Matlab has its parallel toolbox, but I never get into it. Partly because I don't have a nicely configured cluster. A recent project actually forced me to find a way to fully utilize a single PC's resource. Without bothering parallel toolbox, nor MapReduce, nor MPI, I just used a quick-and-dirty way to do that on a single PC. It might be case-specific, but this case may be widely seen in many problems.
The study case: there are about 3TB+ binary data stored on a local network storage disk (NSD), which is mounted to a Windows machine with 32 Gb memory, Quad core Intel i7-3770@3.40GHz (8 threads), and less than 1Tb hard disk. Those binary files are generated by a company's machine, and we don't know the format definition of those binary file. So we have to use a pre-compiled executable program (let's call it 'the-dumb.exe') to convert each binary file to xml file.
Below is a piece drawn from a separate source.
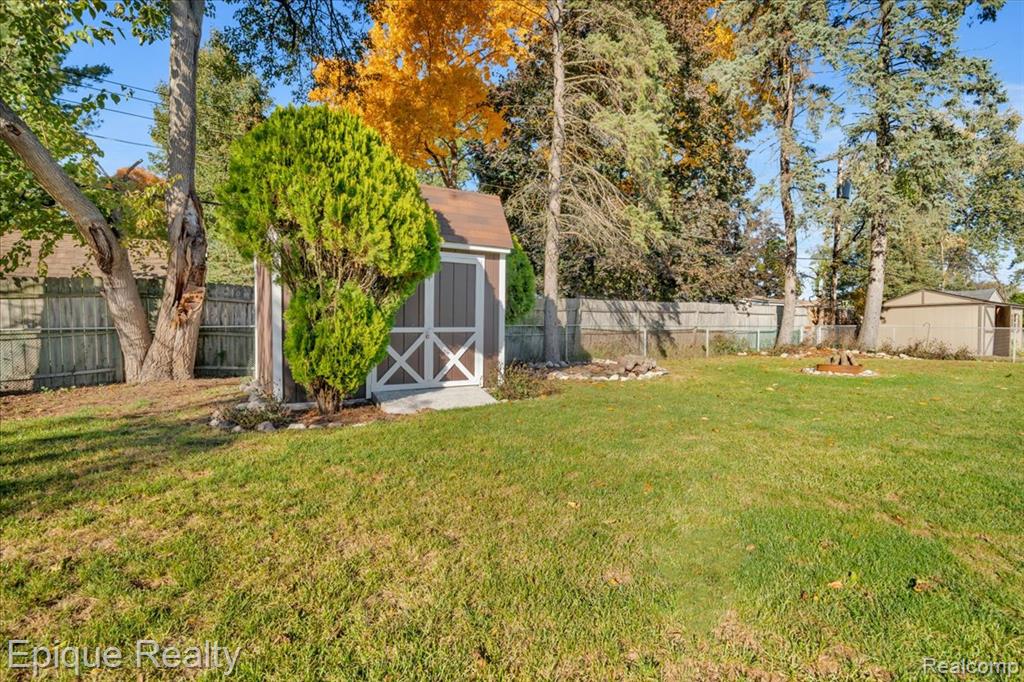 8156 Kenwick Drive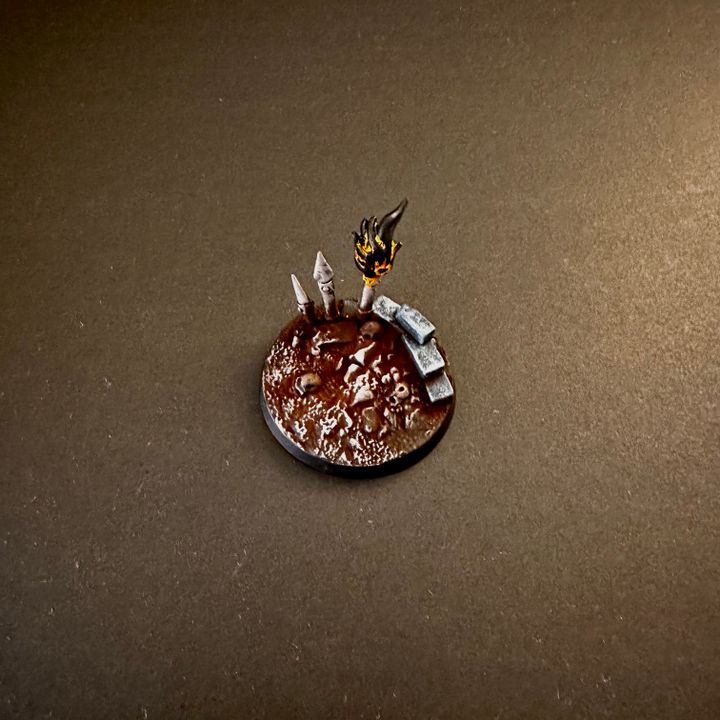 3D Printable CHAOS Bases and Toppers for your Miniatures by Warg'Name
Then we can use other code to parse the xml file to extract data we need. If we call the-dumb.exe to convert a binary file directly on the NSD, and store the new xml also on the NSD, and write Matlab code to extract data from xml and store them as .mat file on the NSD (above steps are done one after another, or say, only one process is active; one task each time), the running time for all the 40K files may last for a week+ on multiple machines and never end (I didn't hear that someone really finish such processing. A rough estimation is: converting a binary file needs about 2 minutes through NSD, and using some Matlab xml parsing toolbox to extract data needs extra 2~5 minutes). So, simply splitting the task and sending them to multiple machines cannot help. By observation, for all the time, the CPU is often only used up to 1% to 7% percent. Memory space is totally wasted.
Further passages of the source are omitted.